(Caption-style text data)

===============

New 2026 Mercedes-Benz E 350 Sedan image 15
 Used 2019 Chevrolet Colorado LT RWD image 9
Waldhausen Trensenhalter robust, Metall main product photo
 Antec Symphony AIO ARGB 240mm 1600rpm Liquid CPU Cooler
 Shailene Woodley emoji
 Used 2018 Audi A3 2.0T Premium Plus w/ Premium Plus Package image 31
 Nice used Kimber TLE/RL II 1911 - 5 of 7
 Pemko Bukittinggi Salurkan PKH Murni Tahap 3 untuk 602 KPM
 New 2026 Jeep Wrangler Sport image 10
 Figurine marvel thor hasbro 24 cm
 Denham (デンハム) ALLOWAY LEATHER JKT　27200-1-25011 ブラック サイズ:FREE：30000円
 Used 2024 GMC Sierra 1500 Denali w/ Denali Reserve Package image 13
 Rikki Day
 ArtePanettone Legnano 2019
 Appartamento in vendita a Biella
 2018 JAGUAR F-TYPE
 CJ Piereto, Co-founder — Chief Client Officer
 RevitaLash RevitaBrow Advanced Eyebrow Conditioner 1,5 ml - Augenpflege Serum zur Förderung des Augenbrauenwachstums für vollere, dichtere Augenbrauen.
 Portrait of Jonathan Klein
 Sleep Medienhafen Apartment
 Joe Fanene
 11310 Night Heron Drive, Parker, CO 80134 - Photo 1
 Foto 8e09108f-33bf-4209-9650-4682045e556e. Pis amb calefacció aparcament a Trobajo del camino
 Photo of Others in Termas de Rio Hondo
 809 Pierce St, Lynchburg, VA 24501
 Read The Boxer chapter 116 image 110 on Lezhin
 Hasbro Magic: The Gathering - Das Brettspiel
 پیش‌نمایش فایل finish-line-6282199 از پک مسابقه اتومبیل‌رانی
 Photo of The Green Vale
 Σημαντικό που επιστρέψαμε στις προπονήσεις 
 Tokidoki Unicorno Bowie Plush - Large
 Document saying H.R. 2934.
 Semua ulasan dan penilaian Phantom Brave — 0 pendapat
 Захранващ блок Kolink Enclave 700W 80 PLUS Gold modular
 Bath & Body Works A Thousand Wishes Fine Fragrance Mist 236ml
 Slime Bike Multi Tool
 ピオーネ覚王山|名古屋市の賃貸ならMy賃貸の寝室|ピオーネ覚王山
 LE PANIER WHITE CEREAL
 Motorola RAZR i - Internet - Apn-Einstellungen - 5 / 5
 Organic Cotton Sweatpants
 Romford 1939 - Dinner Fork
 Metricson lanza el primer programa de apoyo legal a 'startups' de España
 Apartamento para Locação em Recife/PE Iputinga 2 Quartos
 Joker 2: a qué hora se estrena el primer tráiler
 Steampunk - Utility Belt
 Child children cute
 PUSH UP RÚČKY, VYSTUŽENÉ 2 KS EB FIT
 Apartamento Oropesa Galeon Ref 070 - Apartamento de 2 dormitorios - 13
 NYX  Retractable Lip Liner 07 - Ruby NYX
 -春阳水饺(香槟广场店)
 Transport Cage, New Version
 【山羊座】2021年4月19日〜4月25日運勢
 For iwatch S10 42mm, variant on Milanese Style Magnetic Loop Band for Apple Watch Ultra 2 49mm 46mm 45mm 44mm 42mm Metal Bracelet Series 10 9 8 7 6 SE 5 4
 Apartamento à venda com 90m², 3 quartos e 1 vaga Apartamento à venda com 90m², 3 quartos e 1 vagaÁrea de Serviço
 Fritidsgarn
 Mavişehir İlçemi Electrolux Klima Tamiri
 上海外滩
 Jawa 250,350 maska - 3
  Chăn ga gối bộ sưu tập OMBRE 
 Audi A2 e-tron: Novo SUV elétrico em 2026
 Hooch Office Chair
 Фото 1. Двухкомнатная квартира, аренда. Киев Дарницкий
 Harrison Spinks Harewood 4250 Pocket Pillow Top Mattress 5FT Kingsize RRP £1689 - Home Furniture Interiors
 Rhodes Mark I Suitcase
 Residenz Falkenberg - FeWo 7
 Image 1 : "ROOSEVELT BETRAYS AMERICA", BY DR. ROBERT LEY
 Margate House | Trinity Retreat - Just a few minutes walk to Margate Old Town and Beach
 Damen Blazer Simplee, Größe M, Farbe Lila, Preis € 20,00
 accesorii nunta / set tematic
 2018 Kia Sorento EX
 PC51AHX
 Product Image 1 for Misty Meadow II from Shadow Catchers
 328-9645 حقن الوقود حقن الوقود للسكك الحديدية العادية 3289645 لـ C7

===============

(Work instructions) Every record above is to be copied out again exactly as written.

(Solution for this task)
New 2026 Mercedes-Benz E 350 Sedan image 15
 Used 2019 Chevrolet Colorado LT RWD image 9
Waldhausen Trensenhalter robust, Metall main product photo
 Antec Symphony AIO ARGB 240mm 1600rpm Liquid CPU Cooler
 Shailene Woodley emoji
 Used 2018 Audi A3 2.0T Premium Plus w/ Premium Plus Package image 31
 Nice used Kimber TLE/RL II 1911 - 5 of 7
 Pemko Bukittinggi Salurkan PKH Murni Tahap 3 untuk 602 KPM
 New 2026 Jeep Wrangler Sport image 10
 Figurine marvel thor hasbro 24 cm
 Denham (デンハム) ALLOWAY LEATHER JKT　27200-1-25011 ブラック サイズ:FREE：30000円
 Used 2024 GMC Sierra 1500 Denali w/ Denali Reserve Package image 13
 Rikki Day
 ArtePanettone Legnano 2019
 Appartamento in vendita a Biella
 2018 JAGUAR F-TYPE
 CJ Piereto, Co-founder — Chief Client Officer
 RevitaLash RevitaBrow Advanced Eyebrow Conditioner 1,5 ml - Augenpflege Serum zur Förderung des Augenbrauenwachstums für vollere, dichtere Augenbrauen.
 Portrait of Jonathan Klein
 Sleep Medienhafen Apartment
 Joe Fanene
 11310 Night Heron Drive, Parker, CO 80134 - Photo 1
 Foto 8e09108f-33bf-4209-9650-4682045e556e. Pis amb calefacció aparcament a Trobajo del camino
 Photo of Others in Termas de Rio Hondo
 809 Pierce St, Lynchburg, VA 24501
 Read The Boxer chapter 116 image 110 on Lezhin
 Hasbro Magic: The Gathering - Das Brettspiel
 پیش‌نمایش فایل finish-line-6282199 از پک مسابقه اتومبیل‌رانی
 Photo of The Green Vale
 Σημαντικό που επιστρέψαμε στις προπονήσεις 
 Tokidoki Unicorno Bowie Plush - Large
 Document saying H.R. 2934.
 Semua ulasan dan penilaian Phantom Brave — 0 pendapat
 Захранващ блок Kolink Enclave 700W 80 PLUS Gold modular
 Bath & Body Works A Thousand Wishes Fine Fragrance Mist 236ml
 Slime Bike Multi Tool
 ピオーネ覚王山|名古屋市の賃貸ならMy賃貸の寝室|ピオーネ覚王山
 LE PANIER WHITE CEREAL
 Motorola RAZR i - Internet - Apn-Einstellungen - 5 / 5
 Organic Cotton Sweatpants
 Romford 1939 - Dinner Fork
 Metricson lanza el primer programa de apoyo legal a 'startups' de España
 Apartamento para Locação em Recife/PE Iputinga 2 Quartos
 Joker 2: a qué hora se estrena el primer tráiler
 Steampunk - Utility Belt
 Child children cute
 PUSH UP RÚČKY, VYSTUŽENÉ 2 KS EB FIT
 Apartamento Oropesa Galeon Ref 070 - Apartamento de 2 dormitorios - 13
 NYX  Retractable Lip Liner 07 - Ruby NYX
 -春阳水饺(香槟广场店)
 Transport Cage, New Version
 【山羊座】2021年4月19日〜4月25日運勢
 For iwatch S10 42mm, variant on Milanese Style Magnetic Loop Band for Apple Watch Ultra 2 49mm 46mm 45mm 44mm 42mm Metal Bracelet Series 10 9 8 7 6 SE 5 4
 Apartamento à venda com 90m², 3 quartos e 1 vaga Apartamento à venda com 90m², 3 quartos e 1 vagaÁrea de Serviço
 Fritidsgarn
 Mavişehir İlçemi Electrolux Klima Tamiri
 上海外滩
 Jawa 250,350 maska - 3
  Chăn ga gối bộ sưu tập OMBRE 
 Audi A2 e-tron: Novo SUV elétrico em 2026
 Hooch Office Chair
 Фото 1. Двухкомнатная квартира, аренда. Киев Дарницкий
 Harrison Spinks Harewood 4250 Pocket Pillow Top Mattress 5FT Kingsize RRP £1689 - Home Furniture Interiors
 Rhodes Mark I Suitcase
 Residenz Falkenberg - FeWo 7
 Image 1 : "ROOSEVELT BETRAYS AMERICA", BY DR. ROBERT LEY
 Margate House | Trinity Retreat - Just a few minutes walk to Margate Old Town and Beach
 Damen Blazer Simplee, Größe M, Farbe Lila, Preis € 20,00
 accesorii nunta / set tematic
 2018 Kia Sorento EX
 PC51AHX
 Product Image 1 for Misty Meadow II from Shadow Catchers
 328-9645 حقن الوقود حقن الوقود للسكك الحديدية العادية 3289645 لـ C7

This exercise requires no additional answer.